A cosa punta il governo? Perché prima serve sapere qual è l’approdo desiderato e poi si può valutare se la rotta scelta, tenendo conto di venti e correnti, sia quella giusta. C’è chi risolve la faccenda in modo più semplice: se il governo è di quelli della mia parte, allora fa bene e va bene; se è di quelli dell’altra parte, va male. È un metro così stupido da non misurare che dall’una e dall’altra parte le parti sono diverse e contrastanti.
Prendiamo la materia economica. A cosa punta il governo? Credo desideri fare sgravi fiscali Irpef e tagliare il più possibile il cuneo fiscale. Sarebbe un nobile obiettivo. Al tempo stesso un duro cimento, ma da appoggiarsi. L’Italia ha un debito pubblico spropositato, mentre l’indebitamento privato è basso e considerevole il patrimonio delle famiglie. Se non voglio mettere a rischio i risparmi (ad esempio: alta inflazione e bassi tassi d’interesse favoriscono l’indebitato e fregano i risparmiatori) devo lavorare a che diminuisca la spesa pubblica corrente (la mitica spending review) e si acceleri il calo del debito, di modo che la meta degli sgravi fiscali non sia un miraggio. Invece si vede il contrario: il deficit cresce assieme al crescere della spesa corrente e il rientro dal debito rallenta, sicché gli sgravi fiscali, che saranno omeopatici, sono anche illusori perché contengono la promessa di più pesante fiscalità per onorare il costo del debito. Dove punta il governo?
Prendiamo il tema dell’immigrazione. Non siamo il Paese con più immigrati né quello con più richiedenti asilo (la Germania ne ha molti di più), ma siamo quello con più sbarchi. Per ovvie ragioni geografiche. Il governo, mi pare di capire, punta ad accordi esterni che blocchino le partenze e accordi interni all’Unione europea che ripartiscano il peso degli arrivi. Sulla prima cosa abbiamo la copertura della Commissione Ue, salvo il fatto che gli interlocutori sono inaffidabili. Il caso del tunisino Saied è istruttivo e altri non sono messi meglio. Sulla seconda, la ripartizione, chi oggi governa fece e fa pappa e ciccia con chi ne nega anche soltanto l’ipotesi, insolentendo quanti considerano necessario l’ingresso di forza lavoro e pone il tema dello sceglierla. Mentre il tema dei salvataggi in mare è irrilevante, perché nessuno – che non si sia mangiato anima e cervello – afferma che non vadano fatti. La grande parte sono a opera di navi istituzionali e il loro numero dipende niente altro che dalle partenze, una volta detratti quelli che sbarcano da soli e quelli che da soli crepano affogati. Noi stiamo andando a cercare liti con quelli che assorbirebbero più immigrati e/o attivano mezzi comuni per farvi fronte, sollevando l’inutile (e per certi aspetti oltraggioso) tema dei salvataggi. Dove si punta?

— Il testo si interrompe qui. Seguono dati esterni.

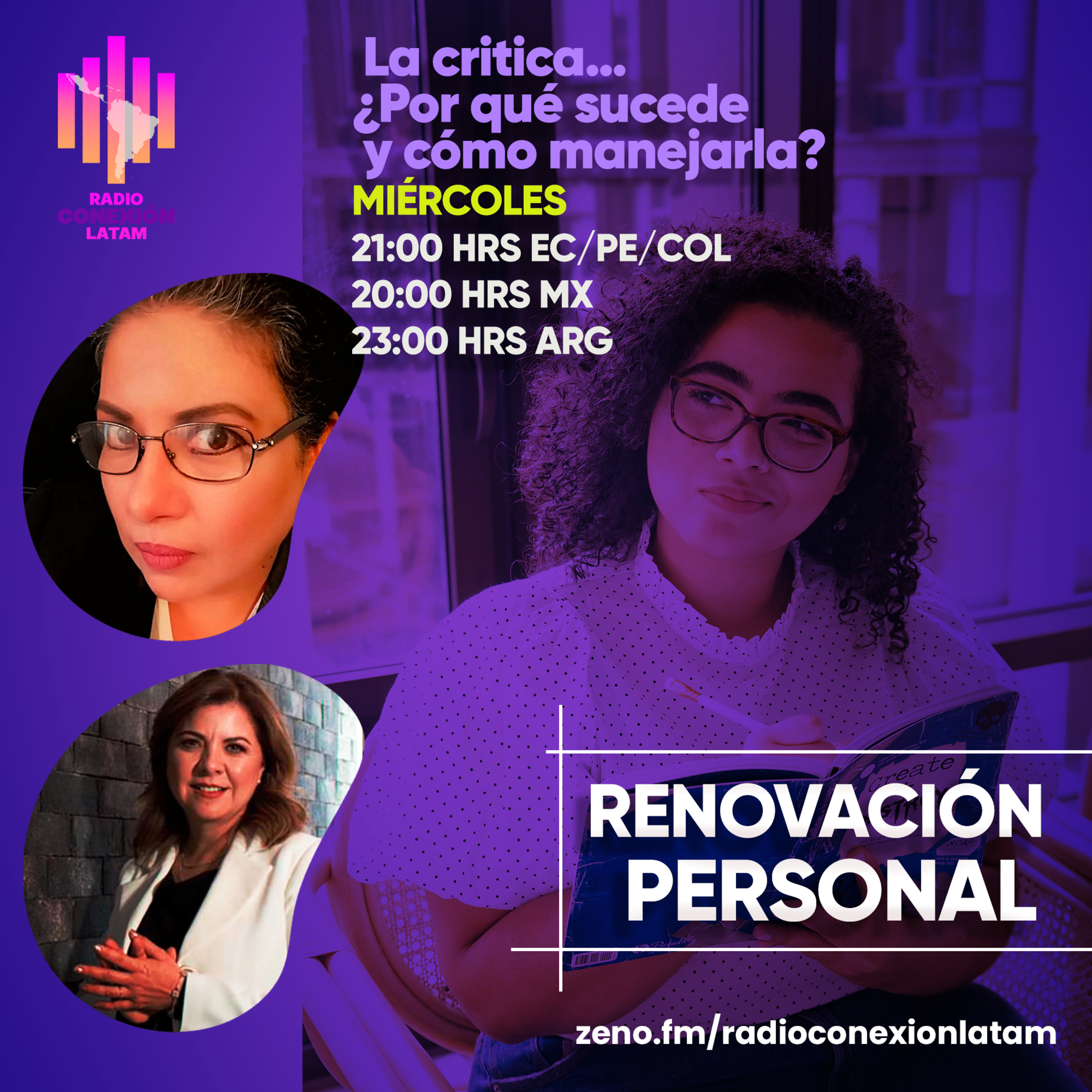 Renovación Personal: La crítica ¿por qué sucede y como manejarla? episode artwork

Sull’accelerazione produttiva mi pare di avere capito che chi governa sia contro l’Italia del “No”. Bene. Anche se me li ricordo con le magliette “No Triv”. Poi li vedi che sono per il no agli investimenti concorrenziali nel turismo balneare, per il no della messa a gara delle aree demaniali, per il no all’obbligo dei pagamenti elettronici. Dove puntano?

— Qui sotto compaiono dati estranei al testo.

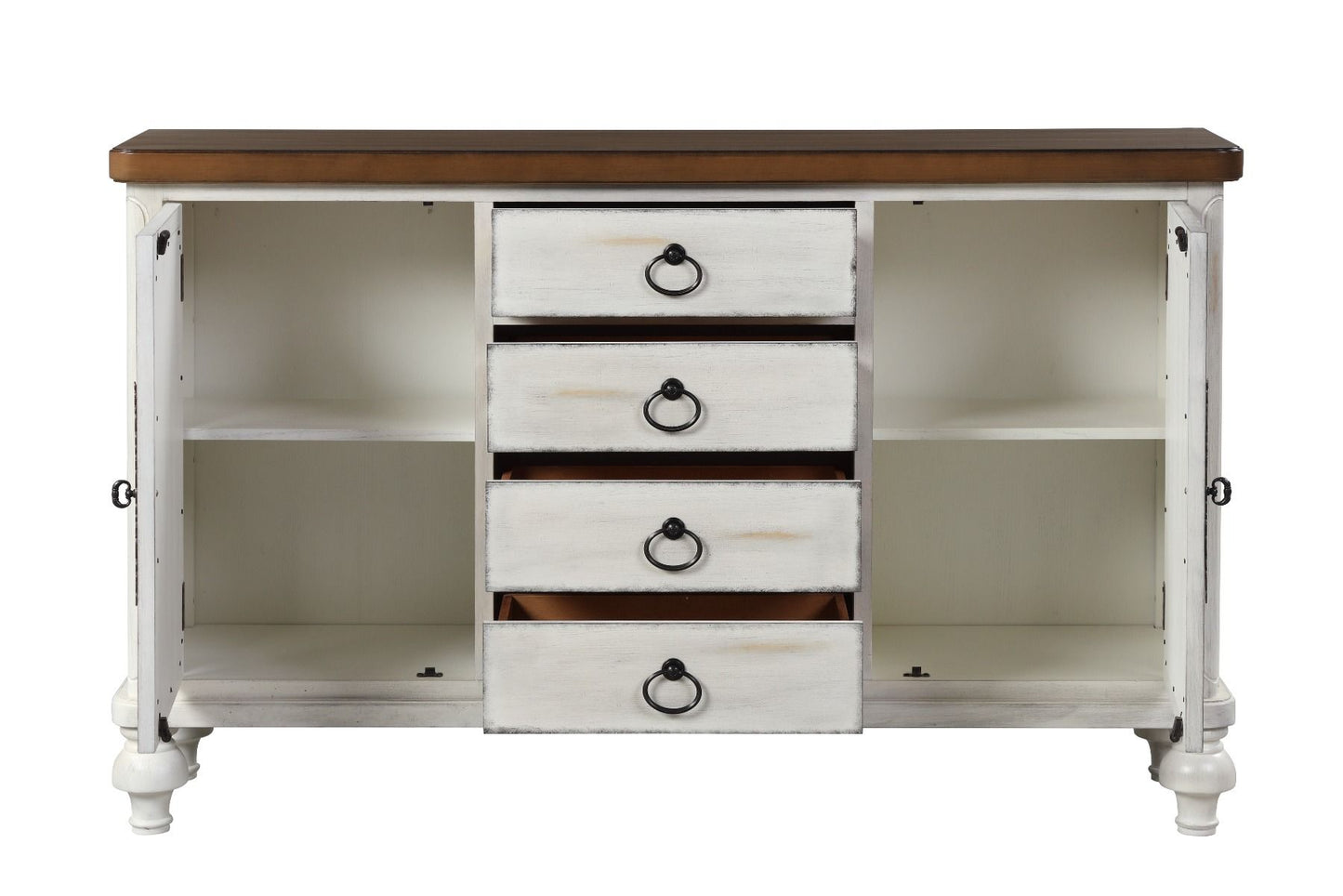 Vermont - Console Cabinet - Antique White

Si dissero trumpiani perché contro la sinistra, anche compiaciuti di una certa sguaiatezza. Poi si ritrovano bideniani e positivamente al fianco dell’Ucraina, ma alleati dei putiniani. Dove stanno?
Il nocciolo è l’identità, senza distinzione di destra e sinistra. Le ideologie fornivano (false) visioni del mondo: morte quelle rimane la visione di sé, la suggestione di un identikit posticcio che si finge identità. Ciascuno tenta d’essere coerente con la visione che prova a dare di sé, ma alleato di identikit opposti. Quindi incoerenti. E appresso a queste incollature improbabili va un interesse nazionale che forse di ciò è la causa, nel senso che non lo si conosce e riconosce. Il fallimento della politica è generato e genera il rattrappirsi delle idee e l’incapacità dei legittimi interessi particolari di vestire i panni degli interessi generali.